Baseball has been a slice of America since its beginning. It has created rivalries among cities, towns, and states, and has also brought schools, teammates, and families together. Attending a game brings a peace to everyday life where fans can chat about home, discuss batting averages, and enjoy the progress of raw talent while admiring the decline of an All-Star and maybe a future Hall of Famer.
It is a participation game. It calls for players at nine positions on the field, and a supporting cast of relievers, utility fielders, and sometimes designated hitters. Playing the game creates situations that call for quick thinking, strong arms, and lively bats.
It is also a game to be watched. Fans see athletic skills, managerial prowess, and disappointing losses at the ballpark. “The Game” is perfect in its imperfections through errors, wild pitches, and strikeouts.
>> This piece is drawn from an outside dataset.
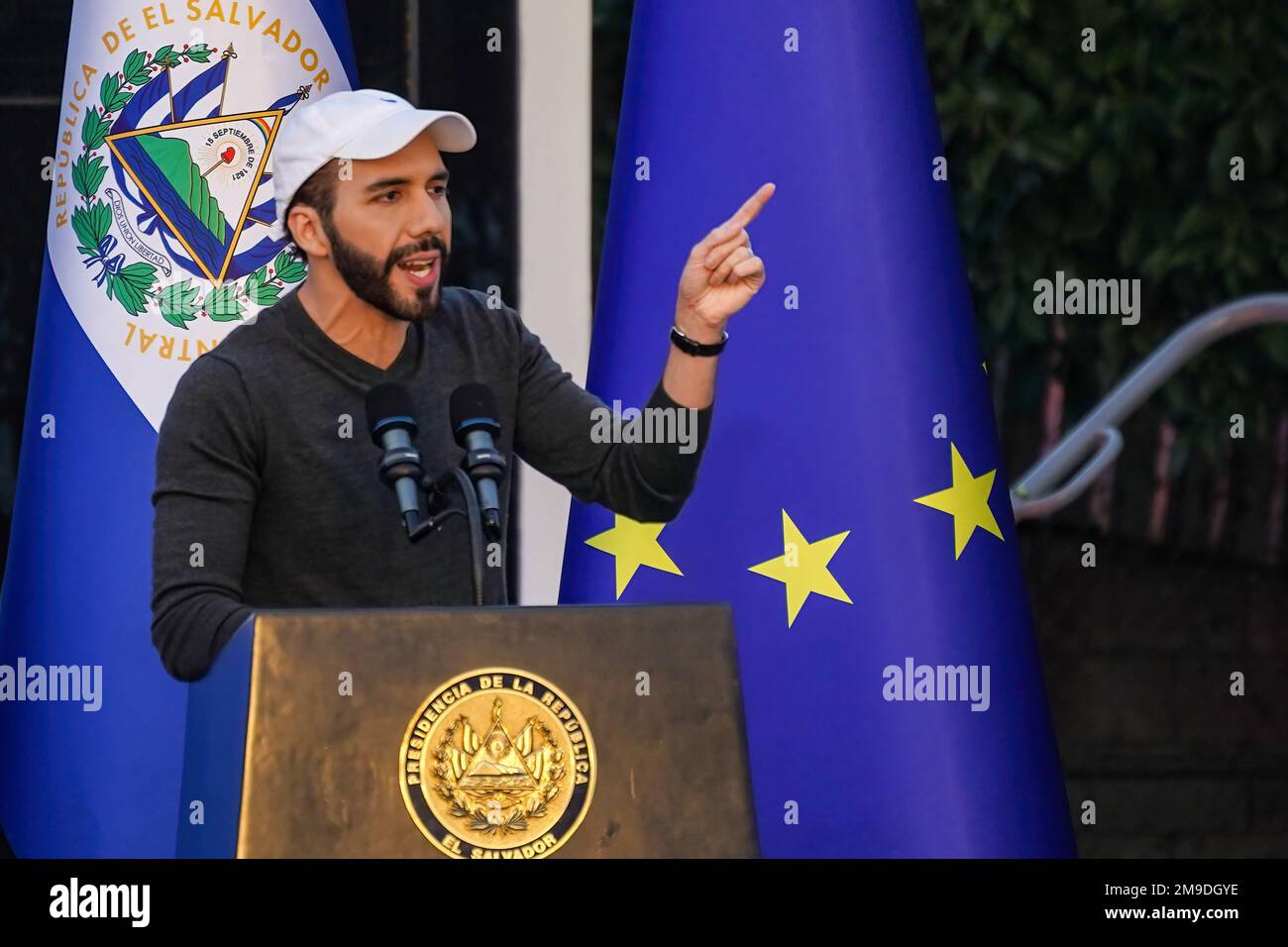 Salvadoran President Nayib Bukele gestures while speaking during the ...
The solace of a ballpark, of concrete and steel and of wood splinters and bleachers, overlooks the stage of green and brown where players paint their masterpieces of sweat and of tears.
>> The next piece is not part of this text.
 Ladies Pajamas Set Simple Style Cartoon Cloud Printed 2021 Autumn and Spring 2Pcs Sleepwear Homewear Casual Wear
Celebrating those moments are as important as studying the past, reliving historical traditions, and hoping for continuation of moments once experienced by previous generations.
Tomorrow night at the Millennium Maxwell House in Nashville the Old Timers Baseball Association of Nashville will give area baseball fans a chance to celebrate once again. It will be the 76th annual banquet for the Old Timers, an organization which has as its creed a testament to all things “Baseball”:
“To enjoy fellowship with baseball enthusiasts and to honor and support the great game of baseball at all levels.”
Former professional baseball players will be attending including Bobby Richardson who was MVP of the 1960 World Series as second baseman for the New York Yankees, amateur players will be honored, twenty high school seniors will receive scholarship awards, Gerald Montgomery will be honored as the latest selection for Nashville’s Amateur Baseball Hall of Fame, and Dennis Birdwell will be given his “Mr. Baseball” award.
But that’s not all. The baseball chatter at each table will be there for all to hear. Lean in and listen. The stories are vital to those telling and vital those who hear them.
Those “slices of America” are important in the celebration of “The Game”, too.